Exercise requirements> Only the records, exactly as written, belong in the answer; pictures do not.

----------------

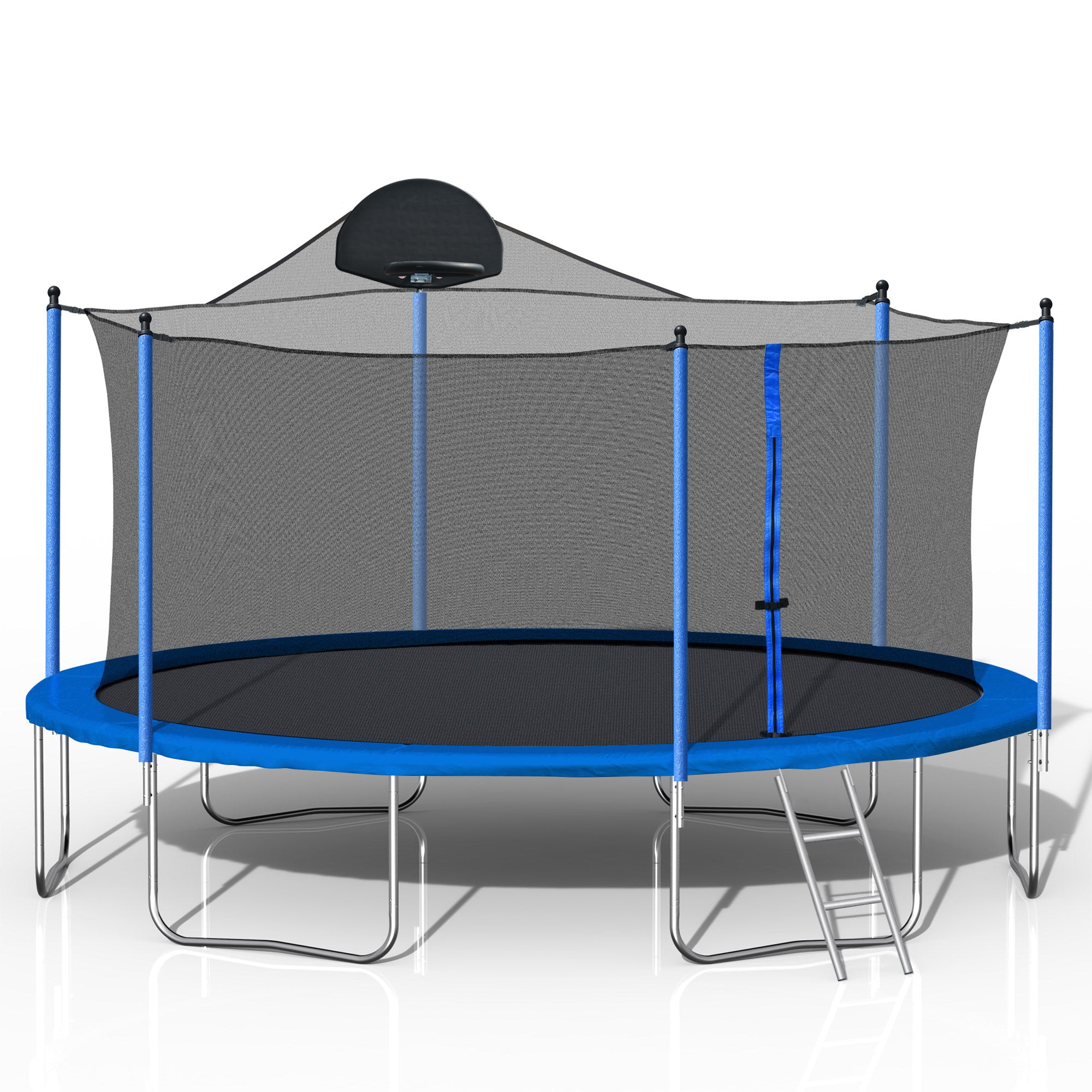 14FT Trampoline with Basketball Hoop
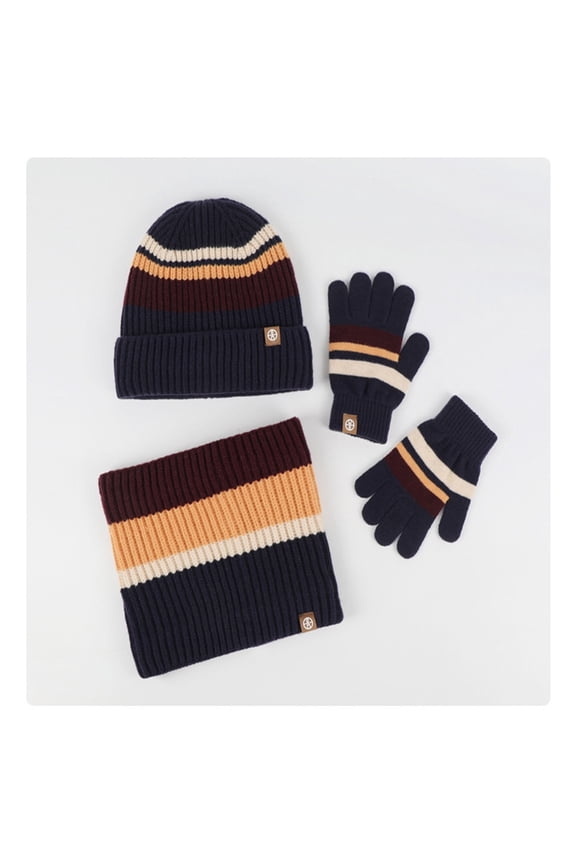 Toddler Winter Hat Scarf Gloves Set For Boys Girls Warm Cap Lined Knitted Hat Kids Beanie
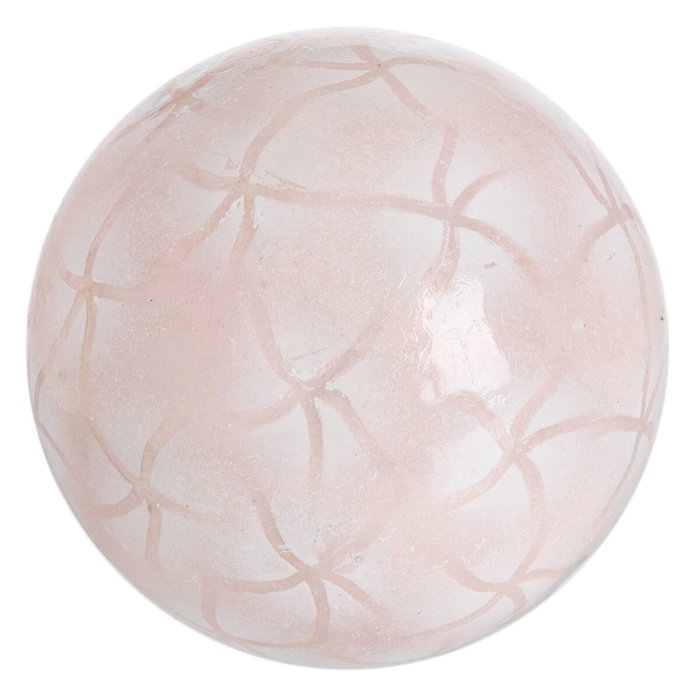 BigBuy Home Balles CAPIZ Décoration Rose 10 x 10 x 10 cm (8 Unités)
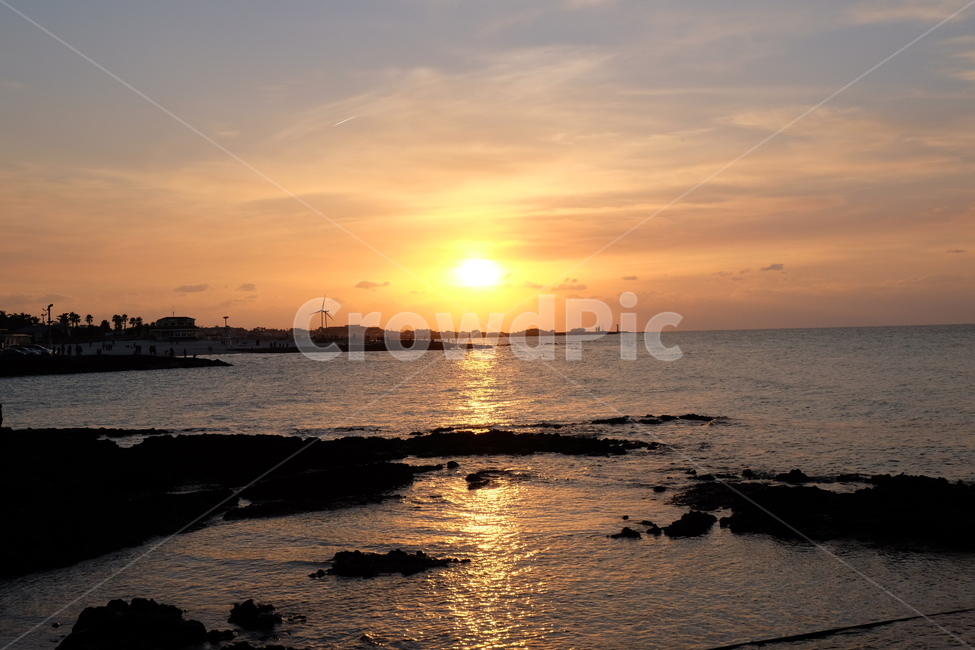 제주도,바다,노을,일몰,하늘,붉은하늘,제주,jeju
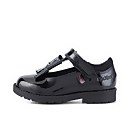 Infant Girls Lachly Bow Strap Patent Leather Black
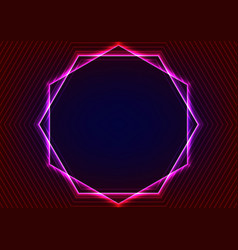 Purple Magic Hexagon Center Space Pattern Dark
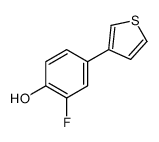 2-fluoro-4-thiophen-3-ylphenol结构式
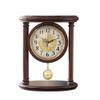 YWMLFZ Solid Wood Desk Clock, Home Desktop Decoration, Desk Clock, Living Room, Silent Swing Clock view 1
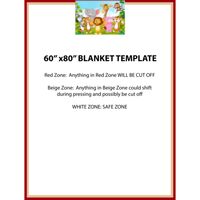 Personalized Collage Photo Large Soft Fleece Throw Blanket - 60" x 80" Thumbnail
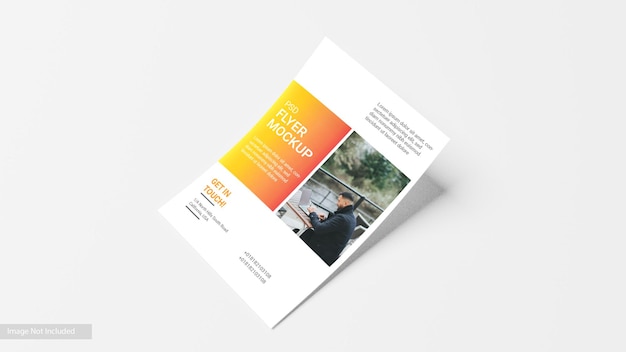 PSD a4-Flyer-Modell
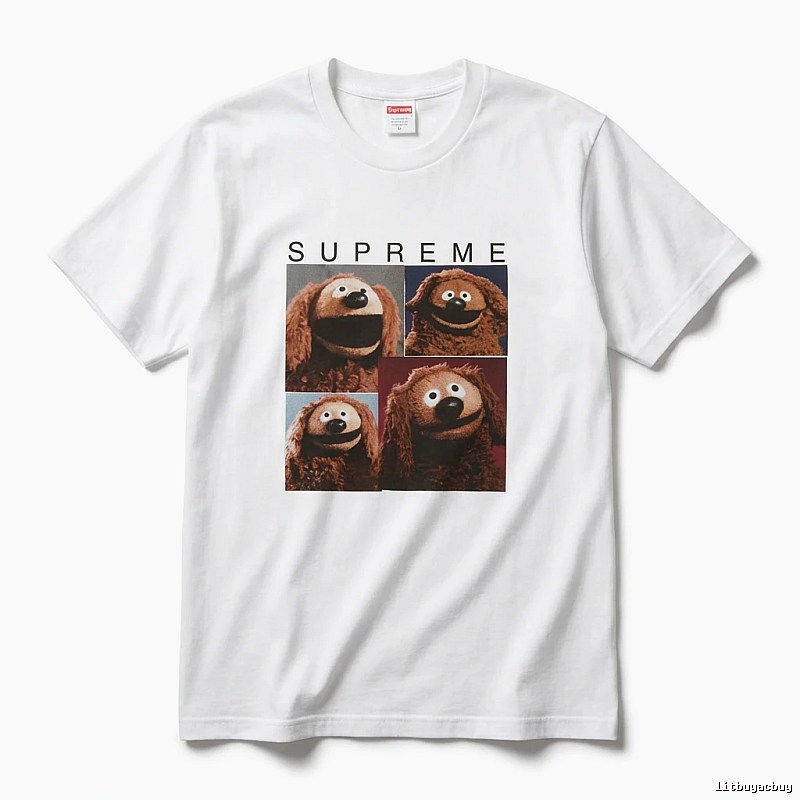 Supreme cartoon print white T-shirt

----------------

Exercise response>
 14FT Trampoline with Basketball Hoop
 Toddler Winter Hat Scarf Gloves Set For Boys Girls Warm Cap Lined Knitted Hat Kids Beanie
 BigBuy Home Balles CAPIZ Décoration Rose 10 x 10 x 10 cm (8 Unités)
 제주도,바다,노을,일몰,하늘,붉은하늘,제주,jeju
 Infant Girls Lachly Bow Strap Patent Leather Black
 Purple Magic Hexagon Center Space Pattern Dark
 2-fluoro-4-thiophen-3-ylphenol结构式
 YWMLFZ Solid Wood Desk Clock, Home Desktop Decoration, Desk Clock, Living Room, Silent Swing Clock view 1
 Personalized Collage Photo Large Soft Fleece Throw Blanket - 60" x 80" Thumbnail
 PSD a4-Flyer-Modell
 Supreme cartoon print white T-shirt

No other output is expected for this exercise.